- Goal of the exercise
Only the pictures are to be omitted; every entry beneath should otherwise be duplicated exactly.

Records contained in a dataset
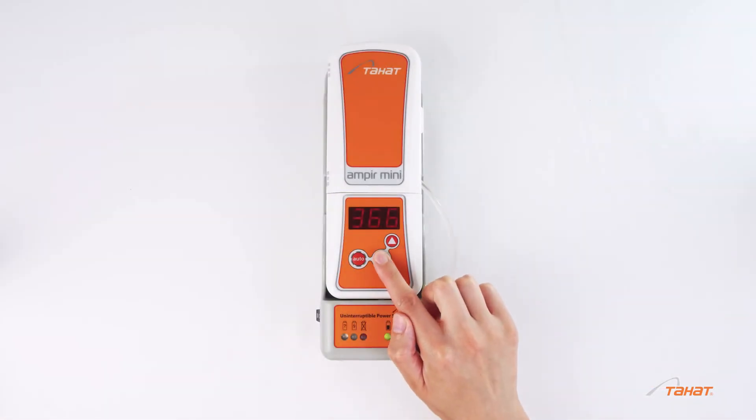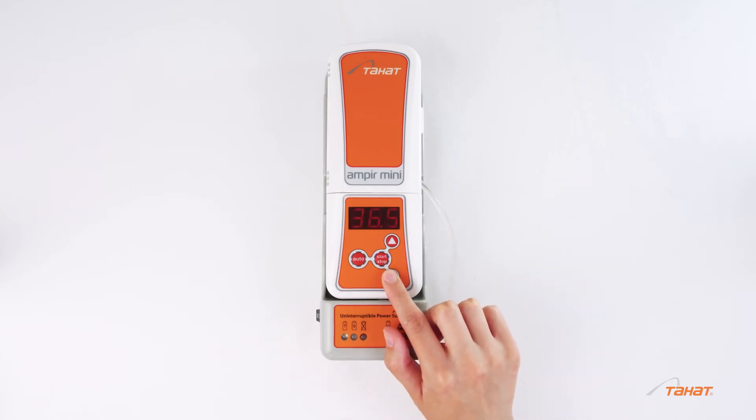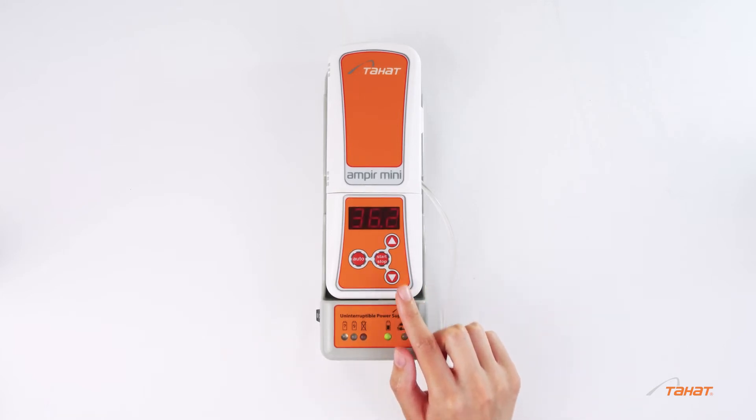For changing the temperature or mode, press the start, stop, or auto button. Change the temperature and confirm the mode of operation.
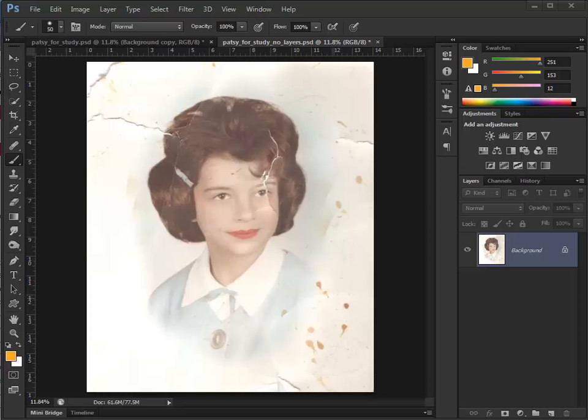This is my wife's portrait from about 1963, so we're going to do a photo restore from start to finish. One of the things I always do is make a duplicate of the background layer — Control J, J as in jump — and let's zoom in on some of the bad areas.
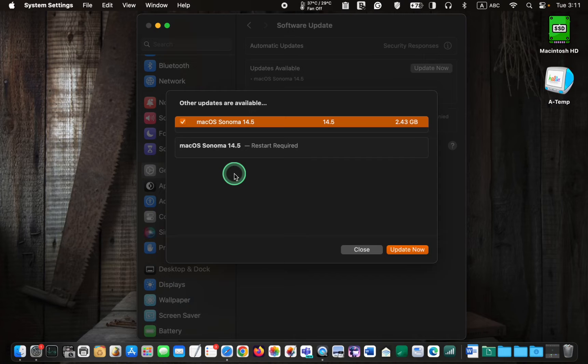For more information on this update's security content, please access the link in this video's description box. I will install the macOS 14.5 update on my MacBook Pro M1 and inform you if I face any issues during the installation process.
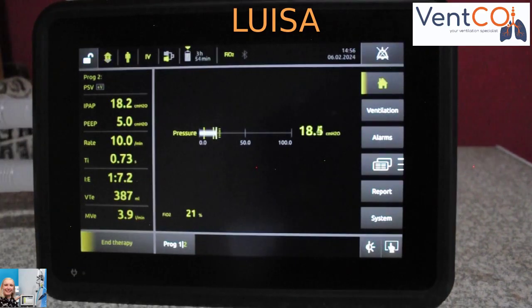That is the Luisa ventilator from Löwenstein Medical in a nutshell. I hope this video assisted you in understanding the specifications and the benefits of this machine a little bit better.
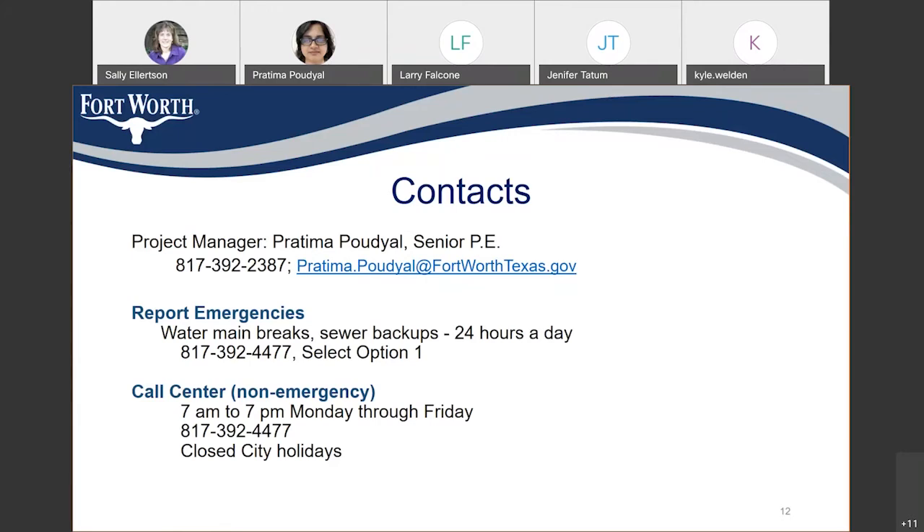Kristen Thomas wants to know: when detours are necessary, are you able to provide additional Fort Worth Police traffic enforcement officers to combat what has just been mentioned? We'll plan it as if that would not be necessary, but if it is absolutely necessary, then we can assess that and provide any kind of support needed.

- Solution for this exercise
For changing the temperature or mode, press the start, stop, or auto button. Change the temperature and confirm the mode of operation.
This is my wife's portrait from about 1963, so we're going to do a photo restore from start to finish. One of the things I always do is make a duplicate of the background layer — Control J, J as in jump — and let's zoom in on some of the bad areas.
For more information on this update's security content, please access the link in this video's description box. I will install the macOS 14.5 update on my MacBook Pro M1 and inform you if I face any issues during the installation process.
That is the Luisa ventilator from Löwenstein Medical in a nutshell. I hope this video assisted you in understanding the specifications and the benefits of this machine a little bit better.
Kristen Thomas wants to know: when detours are necessary, are you able to provide additional Fort Worth Police traffic enforcement officers to combat what has just been mentioned? We'll plan it as if that would not be necessary, but if it is absolutely necessary, then we can assess that and provide any kind of support needed.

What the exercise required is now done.